Although batch COBOL programs would include those with embedded SQL for querying DBMSs (typically DB2), the legacy processing of z/OS datasets (either QSAM or VSAM) is still essential. Unfortunately, the dataset naming rules (at most 44 characters on dotted-parts of at most 8 characters from [A-Z], [0-9] and [$,@,#]; not beginning by a number; the dots count) are rather limiting and demands (perhaps specially with QSAM) some sort of “ingenious” strategy.

It seems natural that most datasets names are to following strict guidelines governed by local policies and projects requirements, but my point are the “gaps” not covered by them. When a dataset naming scheme is left to an application programmer with not enough time to delve into it I have the impression that “maintenance issues” are on their way. I should provide an example of what I’m trying to say, but I’ll leave it for a next posting.

Thus, IMHO, a good dataset naming scheme strategy is paramount.

aenator · October 14, 2023, 4:48am

TOPIC: BATCH VS. OLTP

I like BATCH processing. I do not like “instant-update” [OLTP] environments, for large, distributed systems.

EXAMPLE

Just take a look at what happened to a human being of my own acquaintance, while using a specific social-media app that creates an interactive/[supposedly-]immediate-update environment that “cascades” its updates, world-wide, immediately:

The user sees the database-update “echoed”, to that user’s own device; and so,
the user “thinks” that the update is visible to ALL users, throughout the system; when, in fact,
there seems to be no way for the user to really know whether all of the “mirror-site” servers are fully-synchronized with one another, at any, given moment, or not. So,…
“content” appeared to be “there”, one minute, and “gone”, a short time later. But, in fact,…
the problem seems to be, that two users, both of whom were looking at the same dataset (probably, on “mirrored” copies that were resident on different servers), WERE SEEING DIFFERENT “CONTENT”.
The impact of that “anomaly” (in the context of other “anomalies” that were brought to light, at that time, which were of a “this-CANNOT-be-happening” nature) was, that an “interpersonal-relationship ‘train-wreck’” occurred, with certain of those relationships becoming “casualties”. In other words, “There was ‘wreckage’.”
Wreckage.

=============
END-EXAMPLE

CAVEAT: I have VERY LITTLE programming experience with an IBM mainframe; Mostly, I programmed on other vendors’ computers; on an IBM mainframe, I was a user of an existing system.

With that said,…

…I like BATCH processing, because --assuming nobody has bribed a tech, to get “advance notice” of the updated data, before the “production” database is unlocked, post-update/synchronization-- the users can have a reasonable expectation that they are all seeing the same thing.
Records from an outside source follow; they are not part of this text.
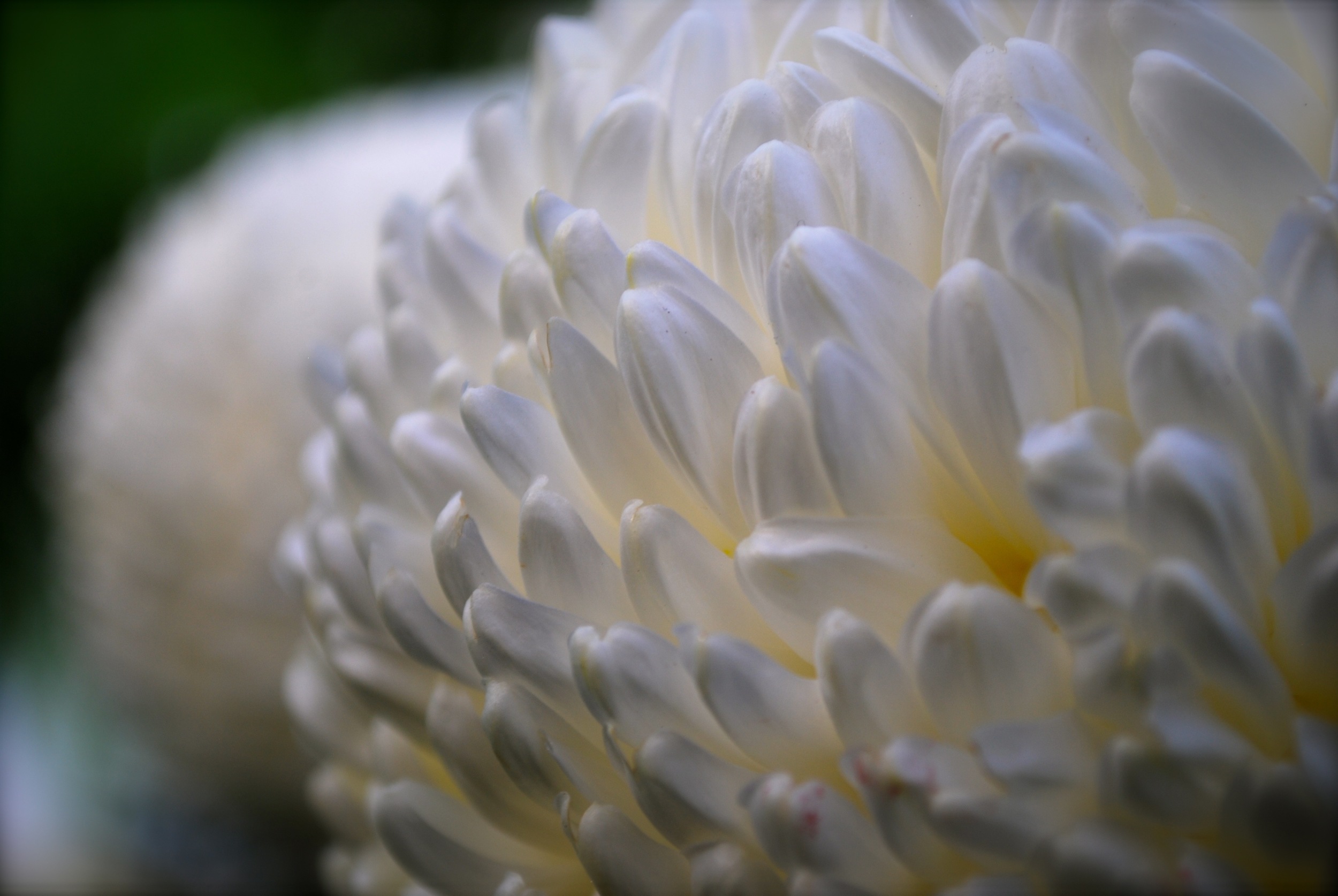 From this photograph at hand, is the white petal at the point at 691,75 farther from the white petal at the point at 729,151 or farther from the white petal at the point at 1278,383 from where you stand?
the white petal at the point at 1278,383

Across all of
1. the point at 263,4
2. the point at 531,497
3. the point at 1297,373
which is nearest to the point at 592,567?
the point at 531,497

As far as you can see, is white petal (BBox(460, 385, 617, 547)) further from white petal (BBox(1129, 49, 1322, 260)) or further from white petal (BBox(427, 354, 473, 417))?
white petal (BBox(1129, 49, 1322, 260))

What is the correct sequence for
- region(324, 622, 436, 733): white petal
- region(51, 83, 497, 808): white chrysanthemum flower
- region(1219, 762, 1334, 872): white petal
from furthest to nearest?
region(51, 83, 497, 808): white chrysanthemum flower < region(324, 622, 436, 733): white petal < region(1219, 762, 1334, 872): white petal

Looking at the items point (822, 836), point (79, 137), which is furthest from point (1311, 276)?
point (79, 137)

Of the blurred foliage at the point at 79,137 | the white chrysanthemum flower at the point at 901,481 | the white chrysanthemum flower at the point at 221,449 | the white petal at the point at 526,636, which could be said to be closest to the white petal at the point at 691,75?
the white chrysanthemum flower at the point at 901,481

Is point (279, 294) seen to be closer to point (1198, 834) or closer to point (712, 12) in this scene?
point (712, 12)

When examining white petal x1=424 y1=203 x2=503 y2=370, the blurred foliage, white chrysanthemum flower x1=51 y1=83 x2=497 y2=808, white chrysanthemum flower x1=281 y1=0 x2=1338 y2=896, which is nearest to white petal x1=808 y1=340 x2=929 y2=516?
white chrysanthemum flower x1=281 y1=0 x2=1338 y2=896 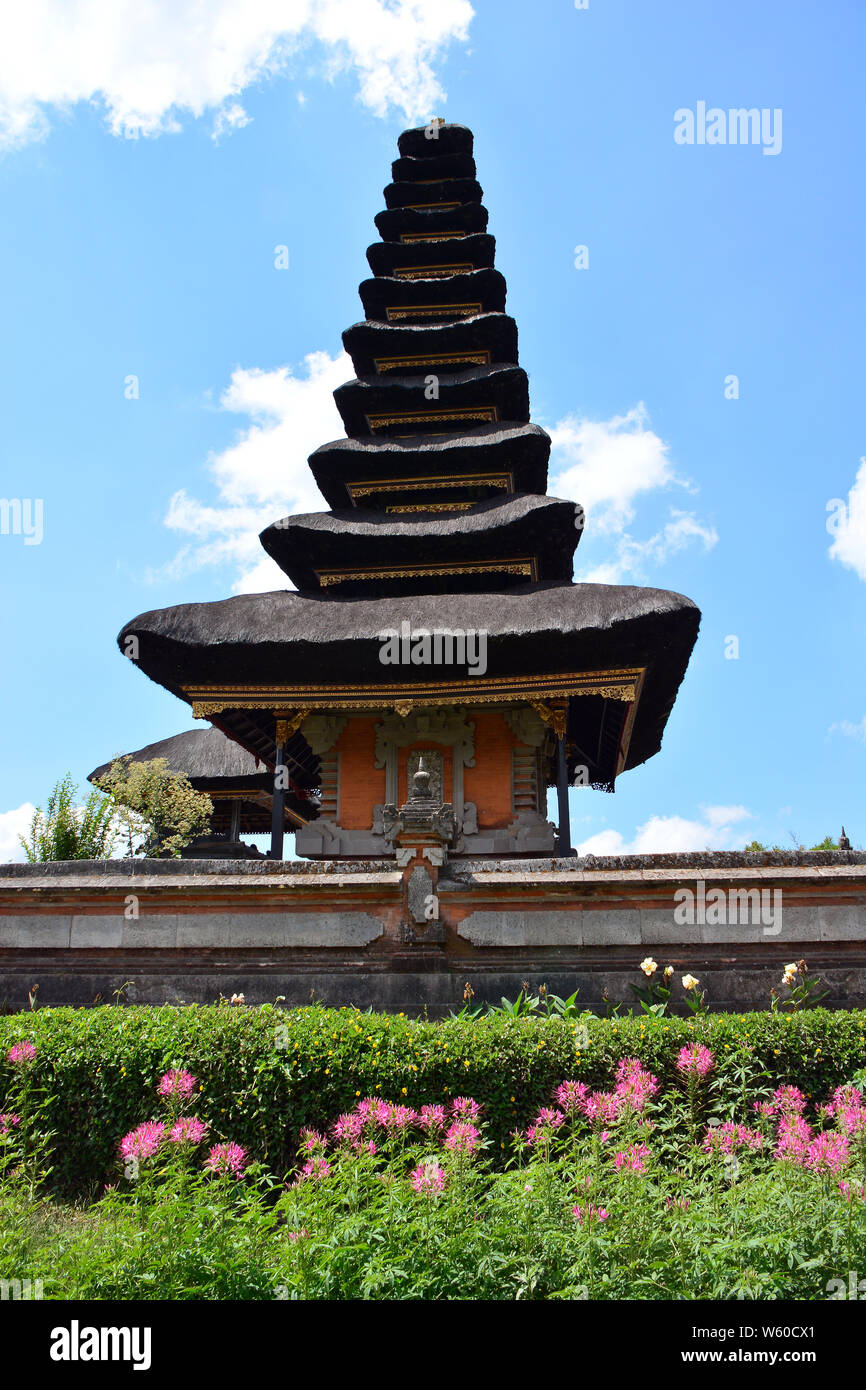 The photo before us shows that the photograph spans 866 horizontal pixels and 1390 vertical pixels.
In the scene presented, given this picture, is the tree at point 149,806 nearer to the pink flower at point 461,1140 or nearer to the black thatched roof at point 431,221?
the pink flower at point 461,1140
Because, if you’ve got some kind of rotating roster of identical “spiders”, constantly running, one after the other, with each doing an audit and comparison of all the “mirrors” and “stand-alone components”, and signing an “all-clear” log, at the end,…

…and if any one of those “spiders” can shut the whole thing down, and lock the users out, if it detects an anomaly,…

…things can be reasonably safe, reasonably fair-and-equitable.

But, it’d be expensive, to do it that way. And not invulnerable, either, if those “spiders” should be set up in a way that has them “make their rounds” with a specific “interval” in-between, that’d let someone slide in and do hanky-panky, and get out, before the next “spider” came through.

END-TOPIC: BATCH VS. OLTP

TOPIC: NAMING-CONVENTIONS

The entire topic of “Naming-Conventions” is a tiny subset of the corporate IMPERATIVE that the Company be able to survive the departure of ANY of it’s employees.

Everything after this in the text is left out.